[INFORMATION GIVEN]

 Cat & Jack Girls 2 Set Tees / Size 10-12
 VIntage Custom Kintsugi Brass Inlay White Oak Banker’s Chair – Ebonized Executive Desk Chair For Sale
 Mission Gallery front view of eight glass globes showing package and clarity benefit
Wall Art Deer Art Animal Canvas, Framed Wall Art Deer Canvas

[/INFORMATION GIVEN]
[INFORMATION GIVEN]

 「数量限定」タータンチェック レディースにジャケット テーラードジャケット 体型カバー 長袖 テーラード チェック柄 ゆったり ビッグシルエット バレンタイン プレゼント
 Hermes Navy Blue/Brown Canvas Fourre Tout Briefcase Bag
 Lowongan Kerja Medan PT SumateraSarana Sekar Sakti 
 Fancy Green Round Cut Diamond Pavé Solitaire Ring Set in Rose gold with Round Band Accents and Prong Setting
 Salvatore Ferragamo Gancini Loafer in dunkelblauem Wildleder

[/INFORMATION GIVEN]

PROBLEM TO SOLVE
Repeat, character for character, the lines of the material above from the line with "Mission Gallery front" through the line with "Wall Art Deer Art".

SOLUTION FOR THIS EXERCISE
 Mission Gallery front view of eight glass globes showing package and clarity benefit
Wall Art Deer Art Animal Canvas, Framed Wall Art Deer Canvas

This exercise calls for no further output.